Even minor reforms that supporters say could increase parental influence in local schools and improve service have been sidelined in the House.
Research published by the Annenberg Institute at Brown University in January 2020 reviewed data from four states, including Oklahoma, and found the small share of voters participating in spring school-board elections are not representative of families served by school districts, meaning school boards are less likely to respond to the concerns of the families served by the district. Researchers found significant discrepancies in the racial and economic composition of school-board voters compared to district students and found that “the majority of voters in a typical school board election in each of the four states we examine is ‘unlikely’ to have children.”

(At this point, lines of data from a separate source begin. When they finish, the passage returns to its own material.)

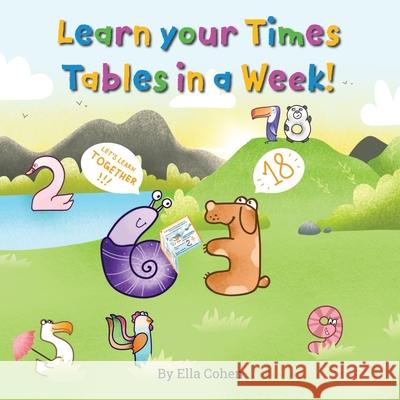 Learn your Times Tables in a Week: Use our Kids Learn Visually method to learn the times tables the easy way. Ella Cohen Marie Date Nemchuk Dana 9781527261884 Kids Learn Visually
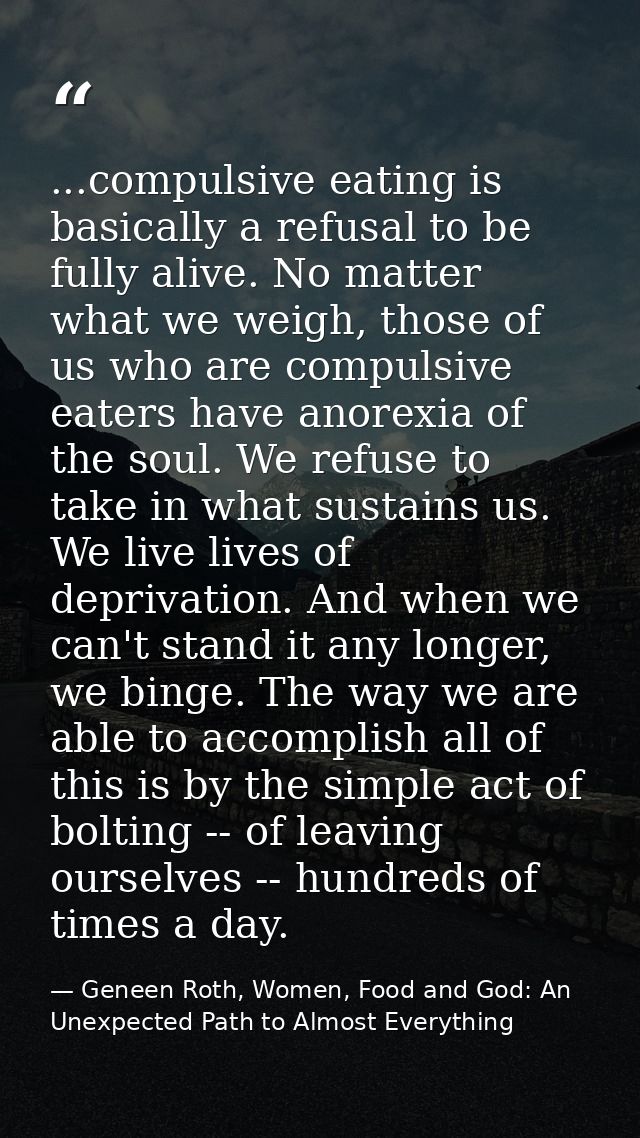 ...compulsive eating is basically a refusal to be fully alive. No matter what we weigh, those of us who are compulsive e — Geneen Roth, Women, Food and God: An Unexpected Path to Almost Everything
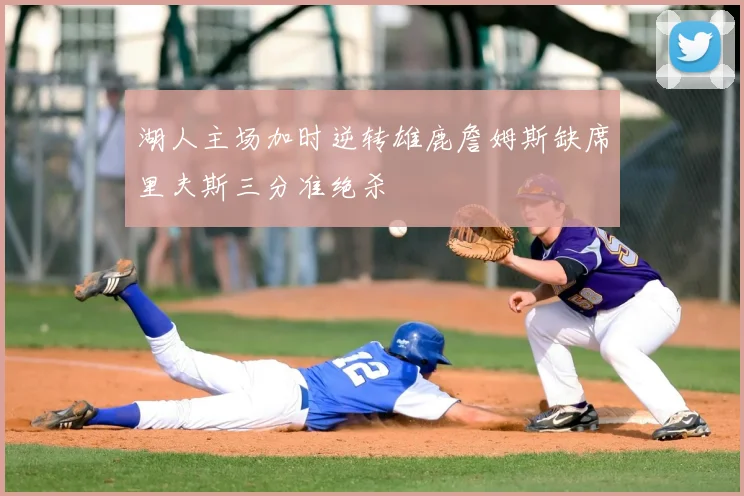 湖人主场加时逆转雄鹿詹姆斯缺席里夫斯三分准绝杀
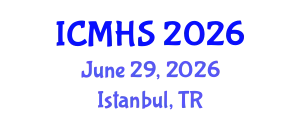 International Conference on Medical and Health Sciences (ICMHS) June 29, 2026 - Istanbul, Turkey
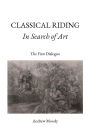 CLASSICAL RIDING In Search of Art: The First Dialogue
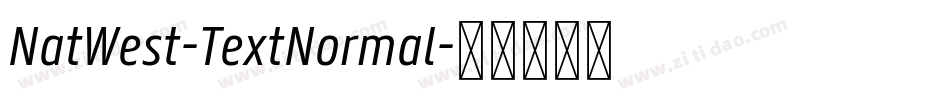 NatWest-TextNormal字体转换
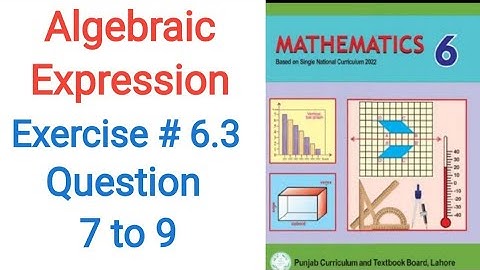 Class 6 Math Exercise 6.3 Question 7 to 9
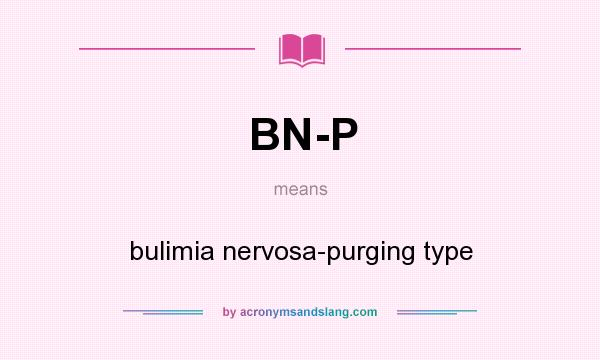 What does BN-P mean? It stands for bulimia nervosa-purging type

But a measure moving school-board elections to November, which would dramatically increase public input into the process, was similarly killed in the House when it was not given a hearing on the House floor.
On April 7, House Republicans held a press conference to discuss their caucus priorities for the 2022 legislative session. The priorities highlighted by McCall included marijuana legislation, broadband expansion, addressing inflation, and Tenth Amendment issues involving state pushback against federal overreach.
McCall did not mention education.
In fact, education came up only tangentially in the prepared statements of other House lawmakers at the conference. One legislator highlighted a law passed in 2021 that banned teaching certain concepts associated with Critical Race Theory and a bill passed this year that bans boys from competing in girls’ athletics. Another House legislator said the caucus was committed to “reinvesting in our core services: education, transportation and public safety.”
“Obviously, the House of Representatives is the chamber closest to the people in the state of Oklahoma,” McCall said. “We represent the smallest group of constituencies between the two legislative chambers. This year is just like every other year. We listen to the people in our district and prioritize those issues that we believe that the people of the state of Oklahoma are focused on. Those issues continue to be individual freedoms and liberties.”